Maariv reports the latest election polls. The Labour Party, led by Amir Peretz together with Ehud Barak’s party would win 14 seats (rather than six seats for Labour and four seats for Barak if they ran separately). The main victims would be Blue and White, which would lose three seats, and Meretz, which is predicted to win four or no seats. In an interview on Kan Radio, Peretz was asked whether he would be willing to forego the role of leader in favour of a merger with Barak. “If it turns out that being number two in Barak’s party will win the most seats – we’ll do it”. Sources close to Peretz told Maariv that he had no intention of conceding first place in advance and that everything hinged on the issue of who would succeed in winning the most seats for the bloc. Peretz is scheduled to meet soon with former Hatnua chairwoman Tzipi Livni and Gesher chairwoman Orly Levy-Abekasis. The goal is to bring as many forces from the center and the left as possible into the bloc and increase its power. “I intend to meet with everyone next week, from Benny Gantz to Ayman Odeh”, he said.

Yediot Ahronot reports that Rabbi Shlomo Aviner, one of the senior religious Zionist rabbis, opposes placing Ayelet Shaked as leader of the Union of Right Wing Parties, and said that women have no place in politics. At the beginning of the week, Aviner, together with other leading rabbis in the national-Haredi stream of religious Zionism, signed a public statement opposing placing a non-religious person in the top spot of the Jewish Home list, and voiced support for Rabbi Rafi Peretz.

Amit Segal of Channel 12 News points out that in 2012 during the primary elections for the Jewish Home party, the Rabbi Aviner voiced enthusiastic support for Shaked and her then-partner Naftali Bennett, whom he defined as “ethical and idealistic,” and called upon people to join the party and vote for them. He said about Shaked at the time: “As for a woman MK and a secular MK, this has precedents,” and added that people should “not focus on the dividing factors in the nation, but rather in the unifying factors, which are much greater.” Naftali Bennett called Aviner’s comments a “desecration of God’s name,” and said: “The place of women in politics and in all areas of society is not in question.” MK Yair Lapid said, “Religious fanatics and chauvinists should not be in politics. Or in the rabbinate, for that matter.” This morning, Shaked tweeted from her holiday in the Canadian Rocky mountains: “A reminder that women can do everything – to trek, to be mothers, to head a political party, be a mayor, run a company and also to be Prime Minister”.

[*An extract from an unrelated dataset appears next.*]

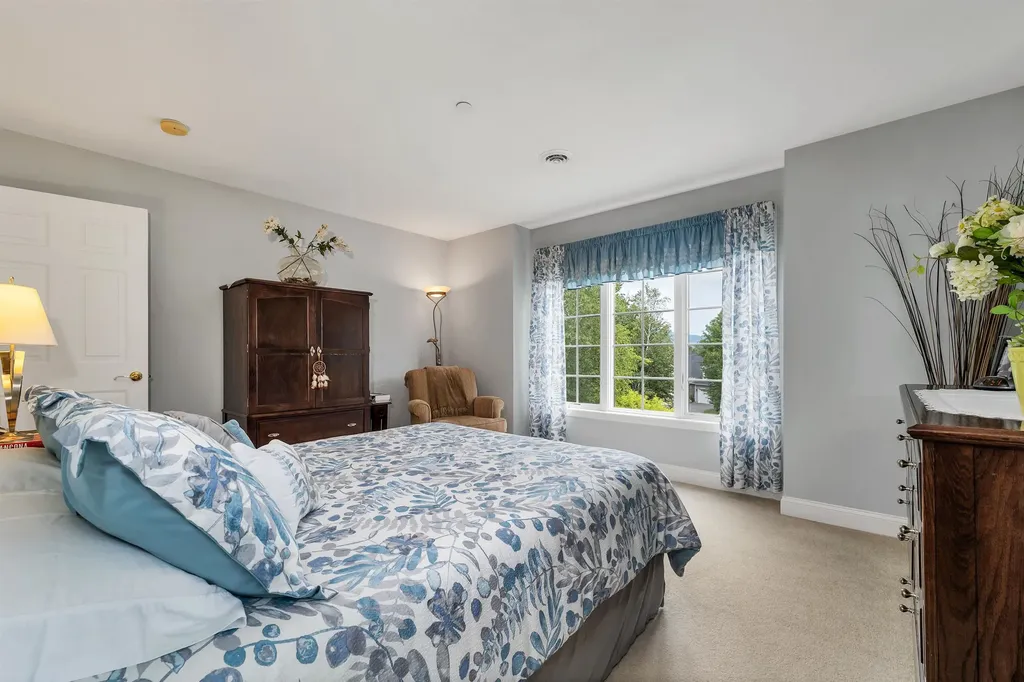 13 Bunker Lane Hales Location NH 03860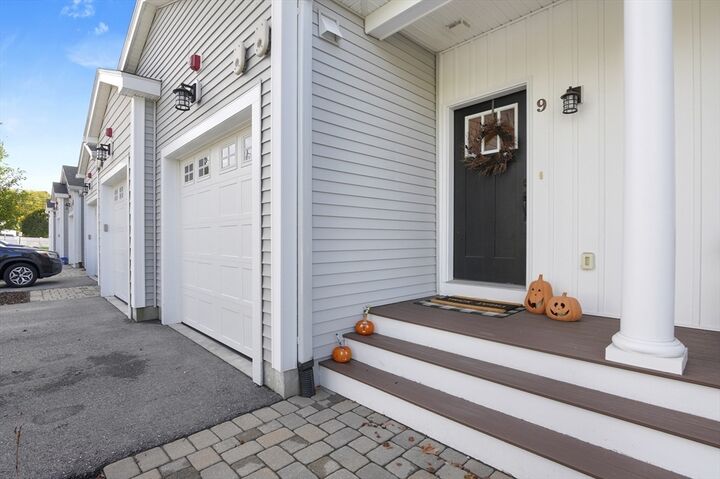 Property Photo:  74 Cox Street 9  MA 01749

Maariv and Yedioth Ahronoth reports on the increasing deficit in the state budget, which in June reached 3.9 per cent of the GDP. The growing deficit will require a deep cut to the state budget immediately after the new government is formed, and at the recommendation of the governor of the Bank of Israel, taxes will have to be raised and tax exemptions cancelled. Finance Ministry figures published yesterday which referred to the implementation of the state budget show that in June alone, the deficit grew by NIS 6.8 billion, and since the beginning of the year the deficit has amounted to NIS 21.9 billion, representing a deviation of NIS 14 billion from the target approved by the government.

Hannah Gal reports in The Jerusalem Post on the BICOM/RUSI conference on UK Middle East strategy. Gal writes that: “RUSI and BICOM recently brought together some of the country’s top thought leaders to look at what the UK’s involvement in the Middle East (MENA region) might look like post Brexit.”